The key point is consistency. If senior leaders attend training but their conduct, decisions or tolerance of poor behaviour contradict the message, the programme will not be credible. Sustainable change comes from repeated signals that respectful behaviour is expected, monitored and enforced at every level.
How should employers deal with reluctant witnesses or cases where there is no concrete evidence?
Employers should not assume that a concern cannot be taken forward simply because a witness is reluctant or there is no single piece of decisive evidence. Workplace investigations often involve partial evidence, conflicting accounts and people who feel nervous about getting involved.
The first step is to handle witnesses carefully. Explain why their evidence may be important, reassure them that victimisation will not be tolerated, and make clear that information will be handled sensitively. At the same time, avoid pressuring them or promising complete confidentiality if the matter may need to be investigated.

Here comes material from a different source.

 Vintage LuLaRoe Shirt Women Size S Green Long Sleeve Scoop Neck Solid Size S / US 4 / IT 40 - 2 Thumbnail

Where there is no concrete evidence, the employer should still assess all available information: accounts from the complainant and respondent, witness evidence, messages, emails, CCTV where relevant, previous concerns, patterns of behaviour, and any surrounding circumstances. The decision should be based on the evidence available and the civil standard of the balance of probabilities.

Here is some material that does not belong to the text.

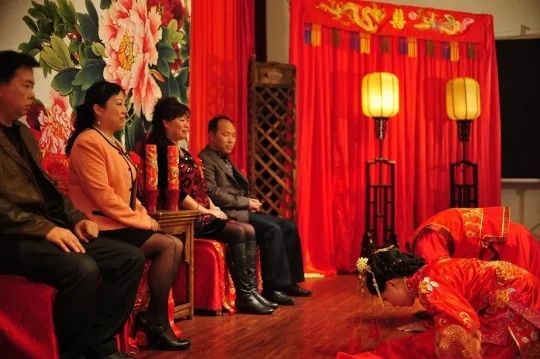 亲弟结婚姐姐随2万（亲弟结婚姐姐凭什么给10000）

If the evidence is not strong enough to make a finding, that should be recorded clearly. It does not mean the employer should do nothing. It may still be appropriate to remind teams of expected standards, monitor the situation, separate individuals where proportionate, offer support, or review whether wider controls need strengthening.
The key is to run a fair, documented and proportionate process, while protecting the complainant, witnesses and the integrity of the investigation.

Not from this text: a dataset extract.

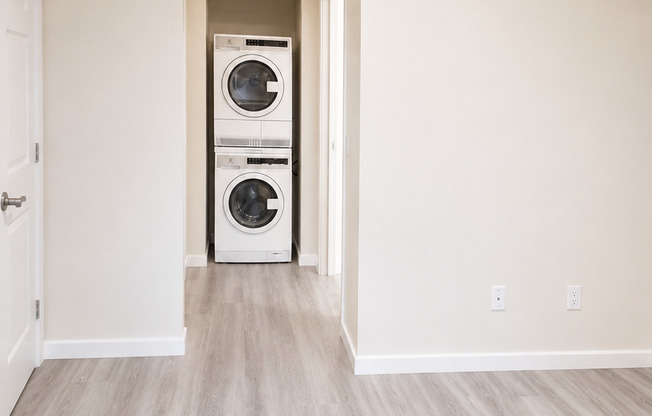 2 beds, 2 baths, 900 sqft, $2,300, Unit 9658-08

Beyond policies and mandatory training, what evidence would an Employment Tribunal expect to see?
A tribunal is likely to look for evidence that the employer’s approach was active, risk-based and implemented in practice, not just written down.
That could include a sexual harassment risk assessment, records of how risks were identified, an action plan showing what controls were put in place, evidence of staff communications, manager-specific guidance, reporting routes, investigation procedures, and records showing how concerns were handled.
Where relevant, the employer should also be able to show that it considered higher-risk areas such as social events, business travel, online communications, lone working, customer-facing roles and third-party harassment.
The most important evidence is the logic connecting the risk to the action taken. If an employer can show that it identified foreseeable risks, took proportionate steps to address them, reviewed its approach after incidents or changes, and kept records of that process, it will be in a much stronger position than an employer relying only on a policy and annual training record.
Does “all reasonable steps” apply to harassment across all protected characteristics, or only sexual harassment?
For the preventative duty, the “all reasonable steps” requirement is specifically about preventing sexual harassment. It is not a general proactive duty to prevent harassment across every protected characteristic. Sexual harassment is specific and defined in law.
However, the third-party harassment change is broader. From October 2026, employers will be liable where a third party harasses an employee in the course of employment, unless the employer has taken all reasonable steps to prevent it. That applies to all forms of harassment covered by section 26 of the Equality Act, including harassment related to age, disability, gender reassignment, race, religion or belief, sex and sexual orientation.
So the short answer is: the new proactive prevention duty is focused on sexual harassment, but the new third-party harassment liability is broader and can involver protected characteristics.